A few seek help in marital disputes or tracking down spouses who went abroad for work and disappeared, he said. There were no figures on how many problems had been resolved to the satisfaction of the applicant.

“Sometimes, we just refer walk-ins to the proper government office and call ahead to say that so-and-so is on his way and to help them,” Galing said. “Sometimes we have to refer the problem in writing for a response.”

Others put their problems directly to Aquino in her weekly radio broadcast, “Ask The President,” which the government radio network carries every Sunday night.

Questions Screened


The government’s Philippine Information Agency solicits and screens the questions. Aquino answers about a dozen of them every week--but sometimes short of what the supplicants had hoped for.

One caller, Alberto Tangapa of Cagayan de Oro, appealed recently for a government job so he could overcome “the injustices our family had suffered due to the cruel society to which we belong.”

“Please submit your application to the Department of Labor,” Aquino replied. “If you are qualified and if there are available positions, you may be hired.”
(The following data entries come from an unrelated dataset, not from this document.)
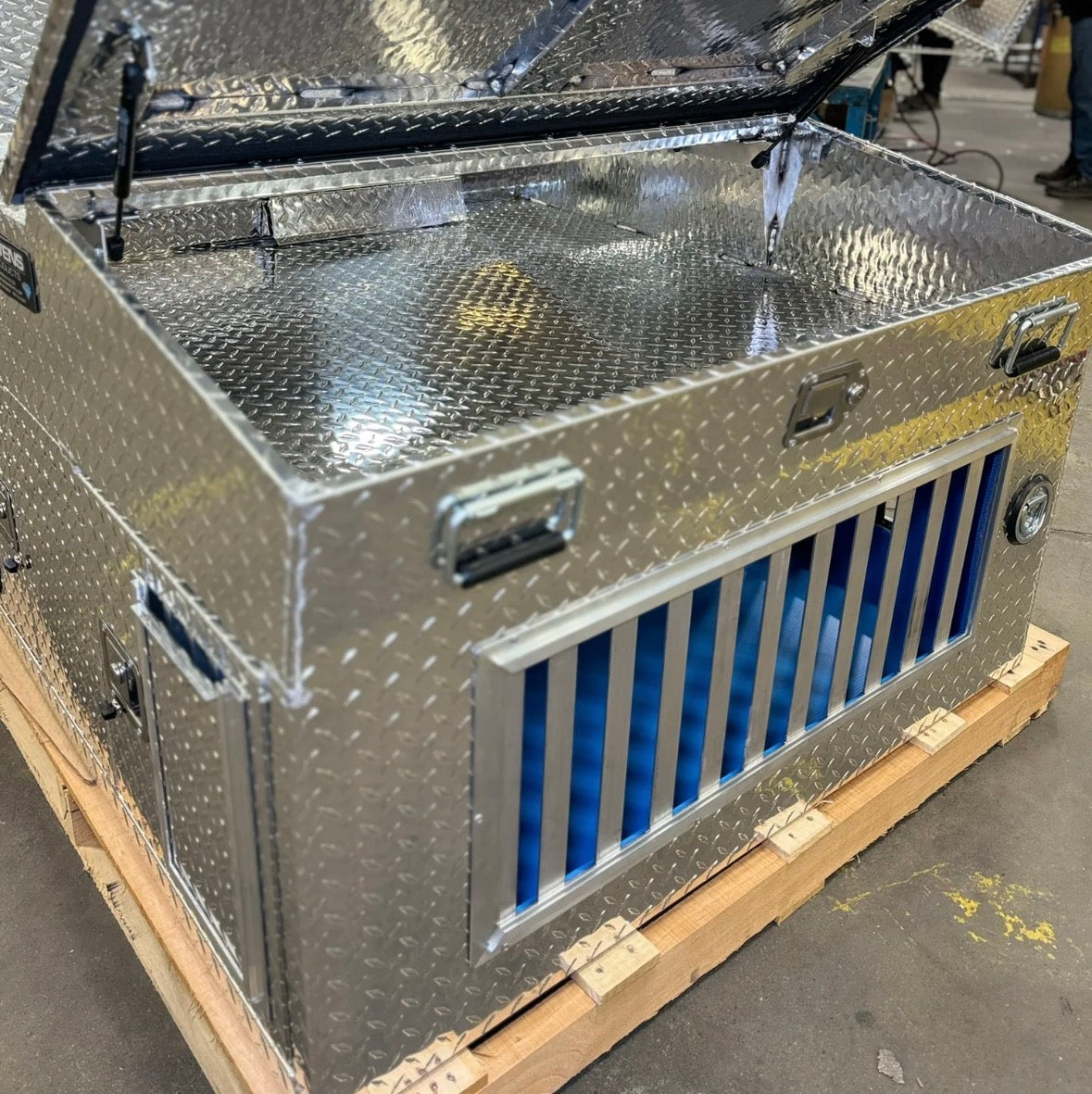 Owens Hunter Dog Box Series Big T Double Compartment With Dual Lid Top Storage - 55014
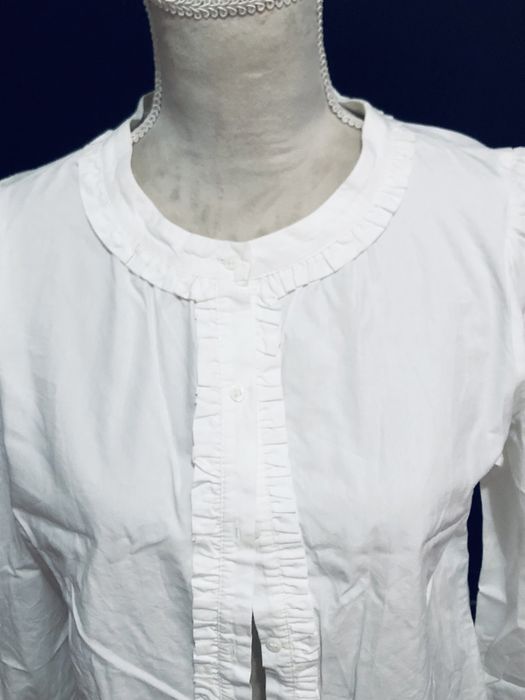Blusa branca  com folhinhos Zara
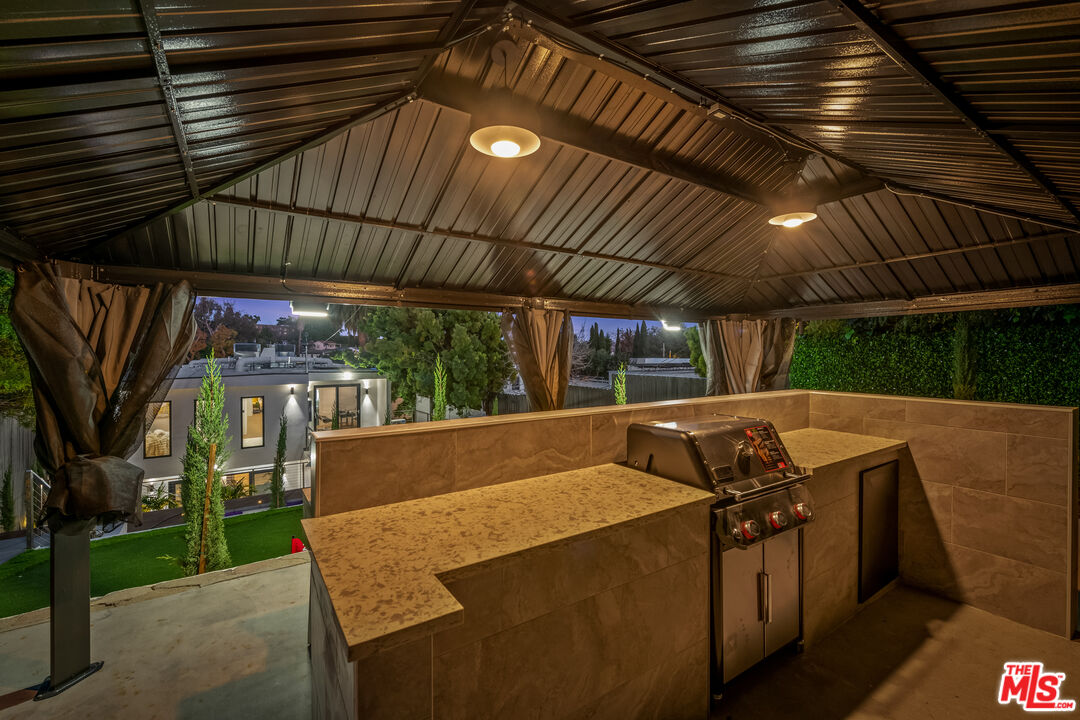 10519 Louisiana Ave, Westwood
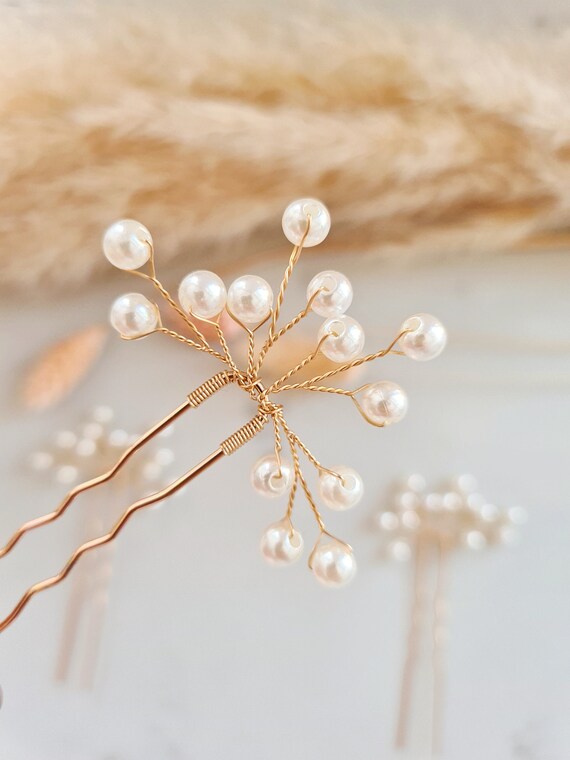Minimalist Pearl Gold Bridal Hair Pins | Bridesmaid Hair  display picture 3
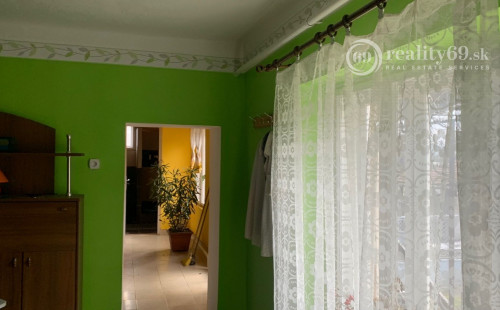 SZALONNA - PEKNÝ 4 IZBOVÝ POSCHODOVÝ RODINNÝ DOM S PODKROVÝM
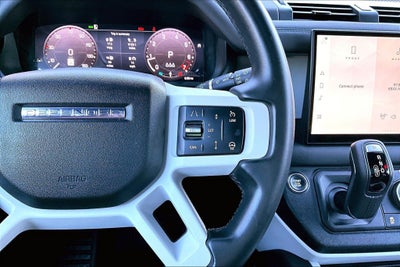 2025 Land Rover Defender 110 S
During another recent broadcast, a resident of Rizal province complained that his neighbor’s fence was blocking the pathway to his home.

“The mayor knows what they are doing is illegal but they won’t stop it,” he complained. “What can we do?”

“Before I give a rightful answer to your problem, I first want to know all the details,” Aquino responded. She ordered the Land Management Bureau to look into the dispute.